Auf Grund dieses Sachverhalts hat das Stadtbezirksgericht den Angeklagten mit Urteil vom 20. November 1989 des Rowdytums nach § 215 Abs. 1 StGB schuldig befunden, von Maßnahmen der strafrechtlichen Verantwortlichkeit nach § 25 Abs. 1 Ziff. 3 StGB abgesehen und ihm die Auslagen des Verfahrens auferlegt.

Gegen dieses Urteil richtet sich der zugunsten des Angeklagten gestellte Kassationsantrag des Direktors des Stadtgerichts, mit dem Verletzung des Strafgesetzes durch fehlerhafte Anwendung gerügt und Freispruch angestrebt wird.

Der Kassationsantrag hatte Erfolg.

Aus der Begründung:

Auf der Grundlage der zum objektiven Tatgeschehen im wesentlichen richtig getroffenen Feststellungen sah es das Stadtbezirksgericht als erwiesen an, daß sich der Angeklagte an einer Zusammenrottung von Personen beteiligte, die aus Mißachtung der öffentlichen Ordnung grobe Belästigungen gegen Personen begingen (§ 215 StGB). Es hat jedoch dje Tatbestandsmäßigkeit nur aus objektiven Kriterien abgeleitet. Ob aber ein Täter aus dem von § 215 StGB geforderten Motiv der Mißachtung der öffentlichen Ordnung handelte, ist nicht nur anhand des äußeren Tatablaufs festzustellen; vielmehr ist in diese Betrachtung auch die gesamte Tatsituation und deren Zustandekommen einzubeziehen.

Im vorliegenden Verfahren ist davon auszugehen, daß sich die Bürgeransammlungen in der Schönhauser Allee in Wahrnehmung solcher verfassungsmäßig garantierten Rechte wie des Rechts auf freie Meinungsäußerung, auf Versammlungsfreiheit u. a. bildeten. Von diesen Ansammlungen wurde eine Veränderung der politischen Verhältnisse, wurden Freiheit und Demokratie gefordert.
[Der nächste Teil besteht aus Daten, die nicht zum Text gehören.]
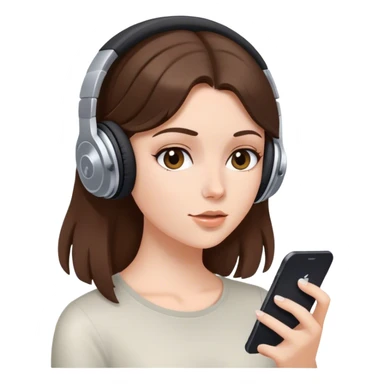 white Girl listening to music  brunette  sticker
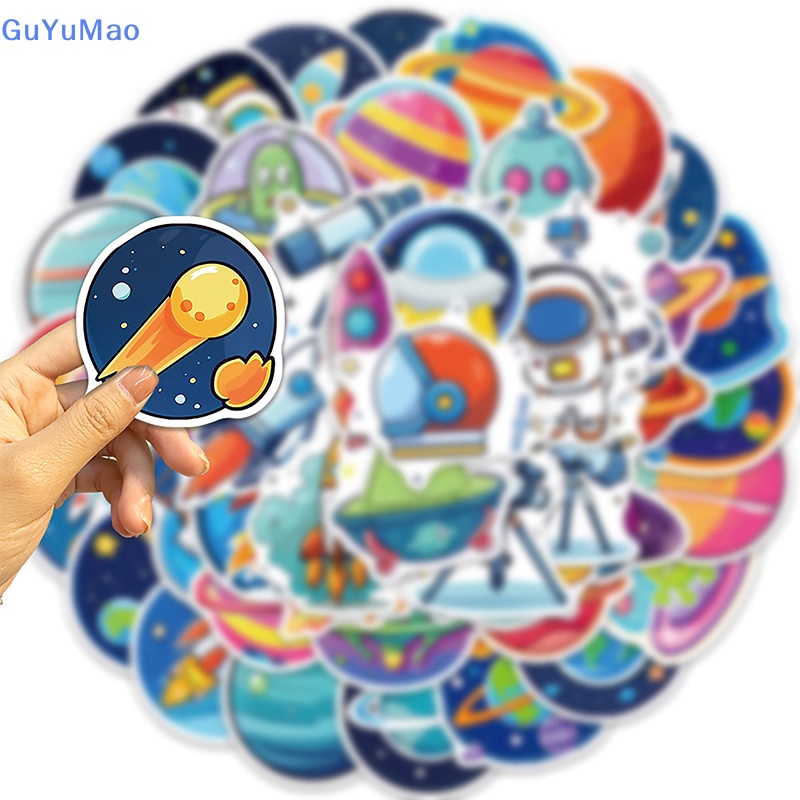 Set 50 Miếng Dán Hình Hành Tinh Vũ Trụ Hoạt Hình graffiti Trang Trí Xe Hơi Ghi Ta laptop Nhật Ký diy prta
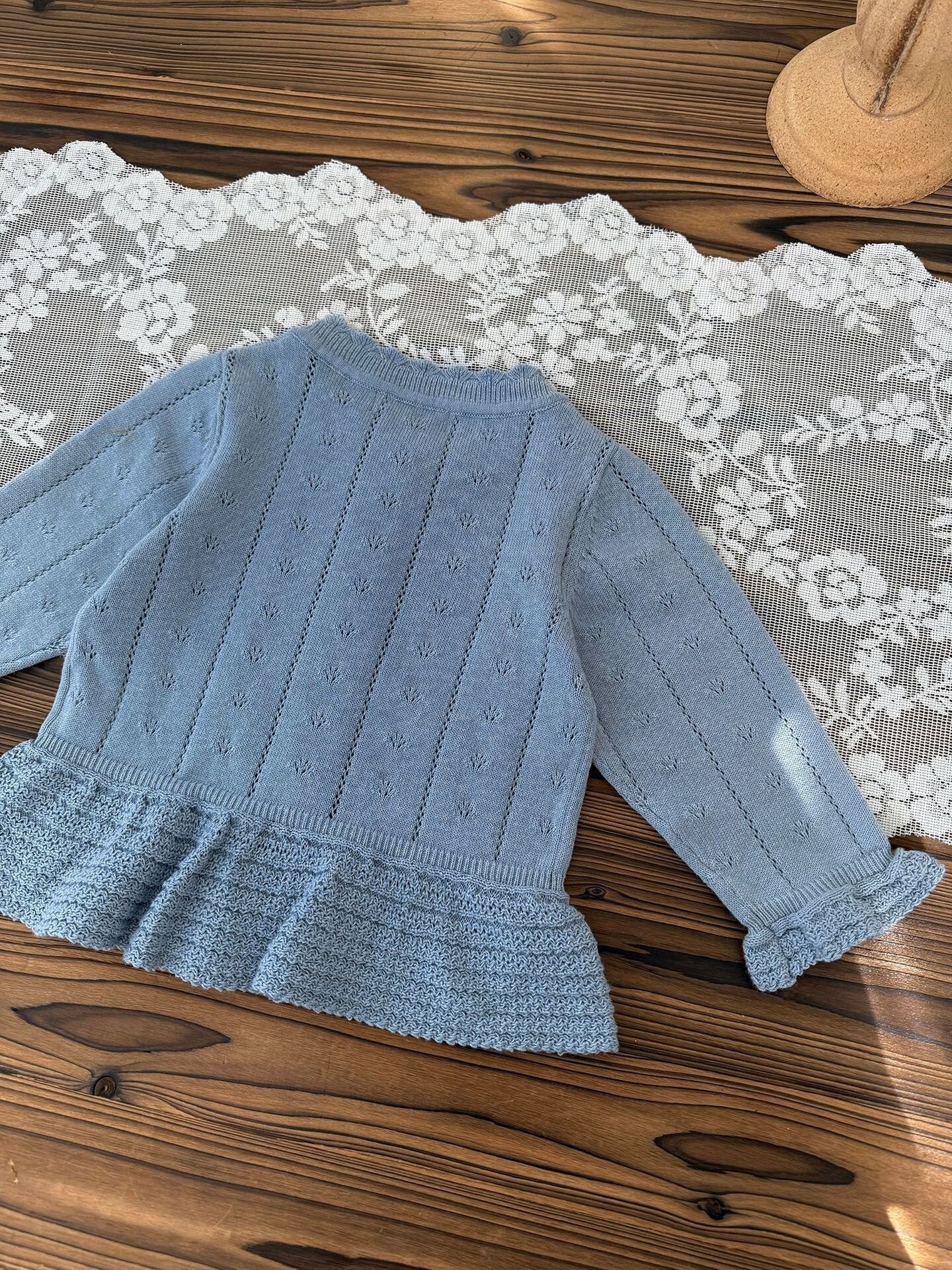 カーディガン・パーカー Jacquard Ruffled Knitted Cardigan ジャガードフリルニットカーディガン【mh0012110】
Die Beteiligung an solchen Ansammlungen und deren gewaltlosen und friedlichen Bekundungen gegen die Einschränkung der genannten Verfassungsrechte durch polizeiliche Maßnahmen geschah nicht aus Mißachtung der öffentlichen Ordnung, vielmehr aus gesellschaftlich anzuerkennenden Zielstellungen. Es fehlt also an dem vom Tatbestand des § 215 StGB geforderten Motiv der Mißachtung der öffentlichen Ordnung, so daß der Angeklagte ohne weitere tatsächliche Erörterungen im Wege der Selbstentscheidung freizusprechen war (§§ 244 Abs. 1, 322 Abs. 1 Ziff. 3 StPO).

(Durch Beschluß des Präsidiums des Stadtgerichts wurde dem Freigesprochenen gemäß § 373 StPO ein Anspruch auf Entschädigung für den durch die Untersuchungshaft entstandenen Vermögensschaden dem Grunde nach zuerkannt.)